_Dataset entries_
== Segment start ==

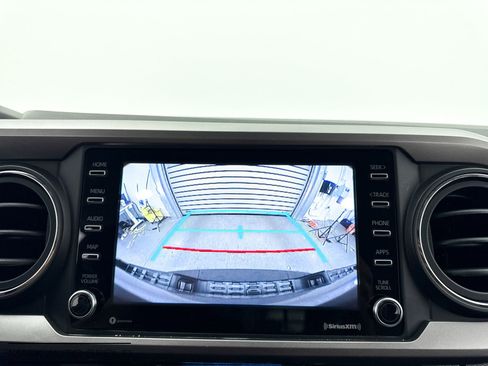 Used 2021 Toyota Tacoma SR5 RWD image 21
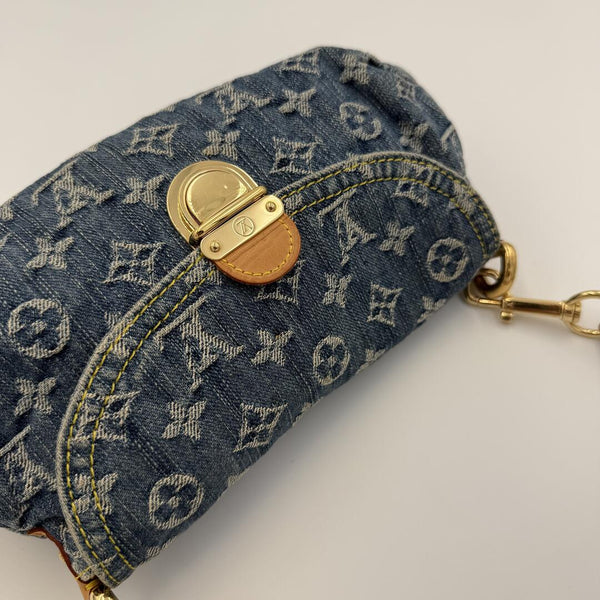 2006 Louis Vuitton Blue Denim Pleaty Shoulder Bag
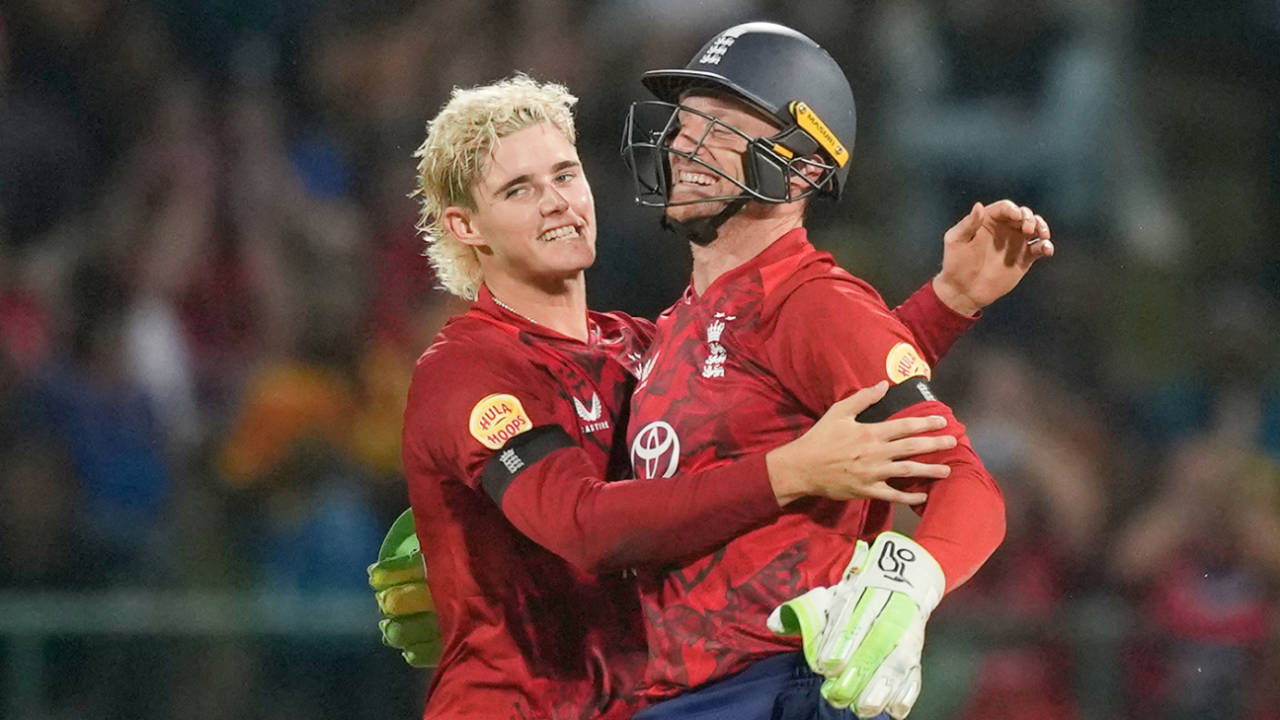 Jacob Bethell celebrates with Jos Buttler, Sri Lanka vs England, 3rd T20I, Pallekele, February 3, 2026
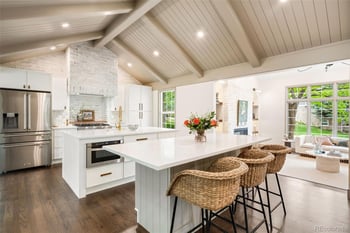 8024 Oneida Ct, Centennial, CO 80112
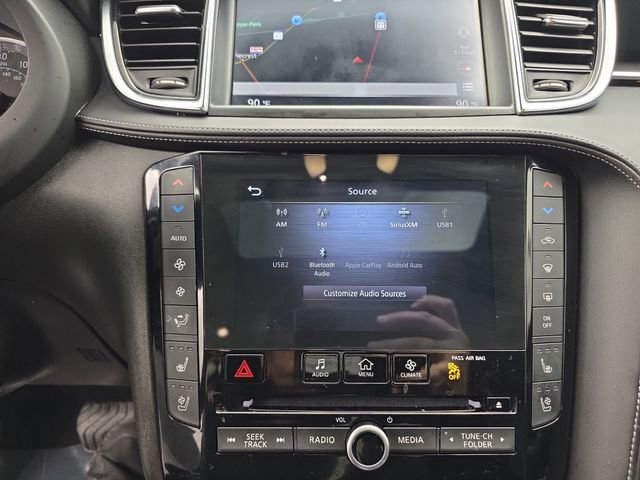 Used 2024 INFINITI QX55 Sensory image 32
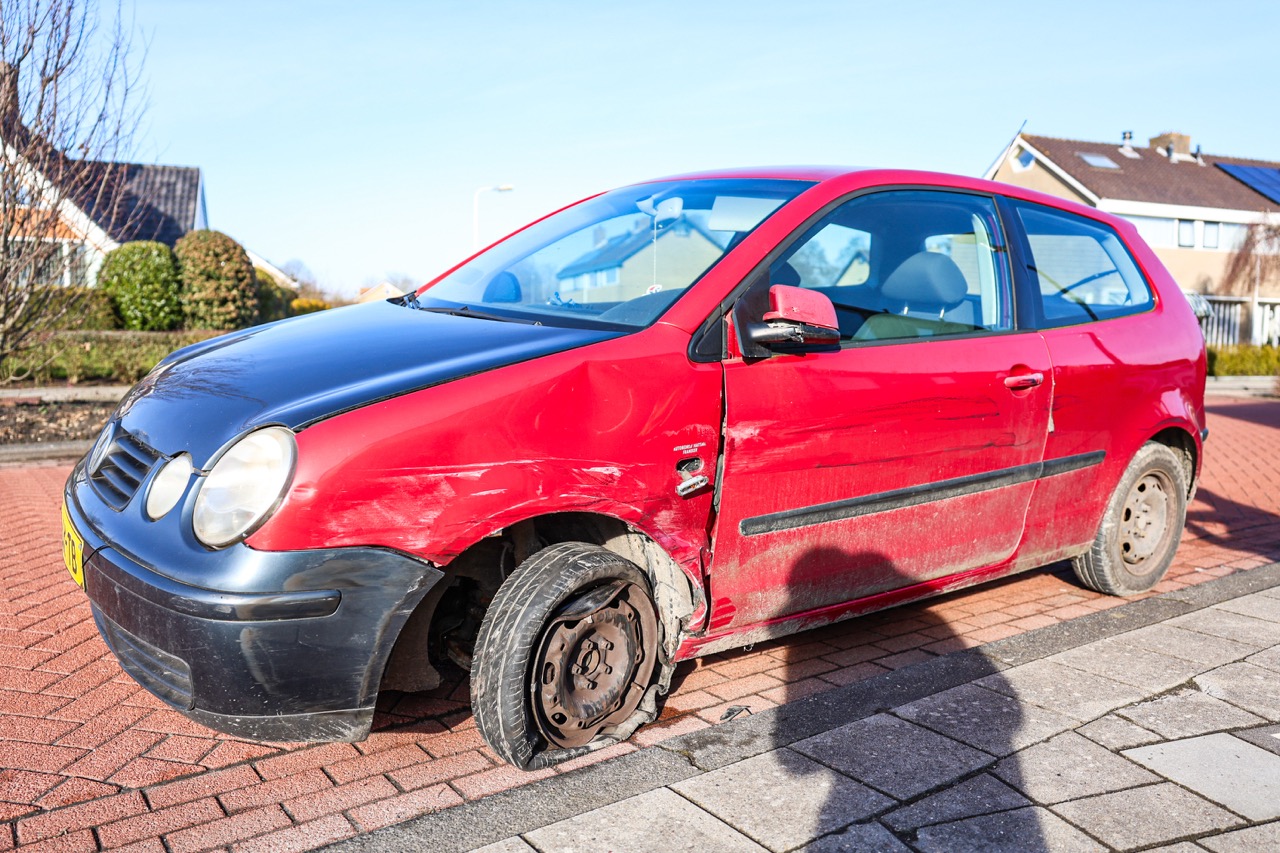 Automobilist botst op twee geparkeerde auto’s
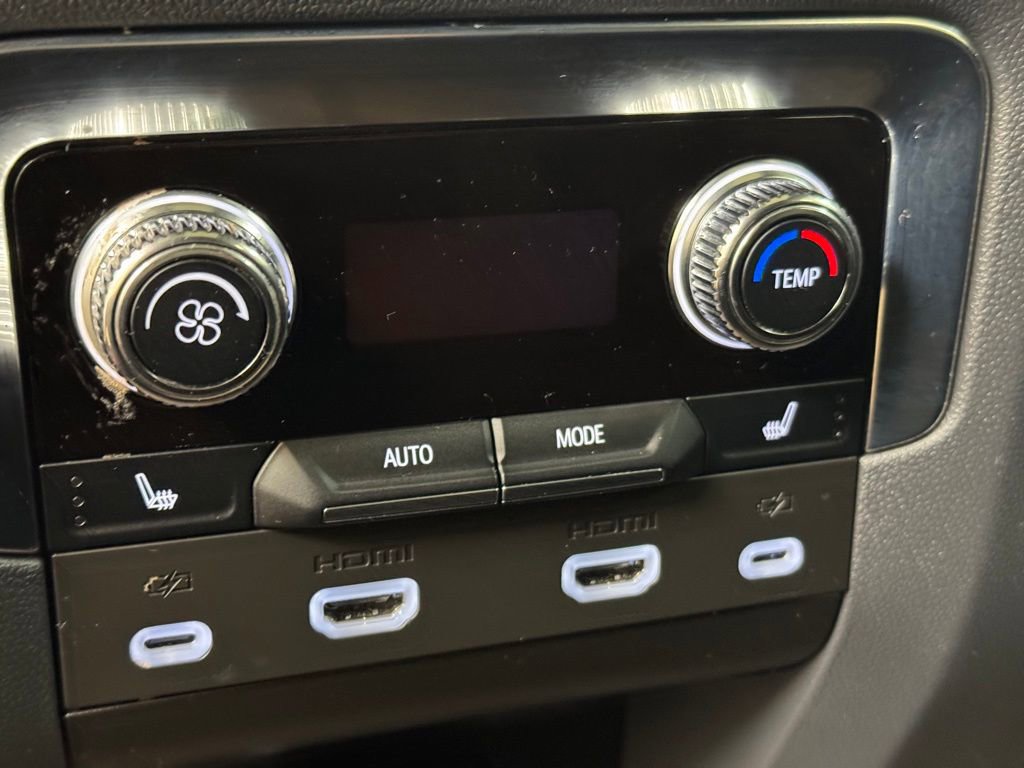 Used 2023 GMC Yukon XL Denali w/ Advanced Technology Package AWD/4WD image 21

== Segment end ==

_WORK REQUEST_
The result should be an exact copy of every entry above, with no pictures included.

_ANSWER BOX_
 Used 2021 Toyota Tacoma SR5 RWD image 21
 2006 Louis Vuitton Blue Denim Pleaty Shoulder Bag
 Jacob Bethell celebrates with Jos Buttler, Sri Lanka vs England, 3rd T20I, Pallekele, February 3, 2026
 8024 Oneida Ct, Centennial, CO 80112
 Used 2024 INFINITI QX55 Sensory image 32
 Automobilist botst op twee geparkeerde auto’s
 Used 2023 GMC Yukon XL Denali w/ Advanced Technology Package AWD/4WD image 21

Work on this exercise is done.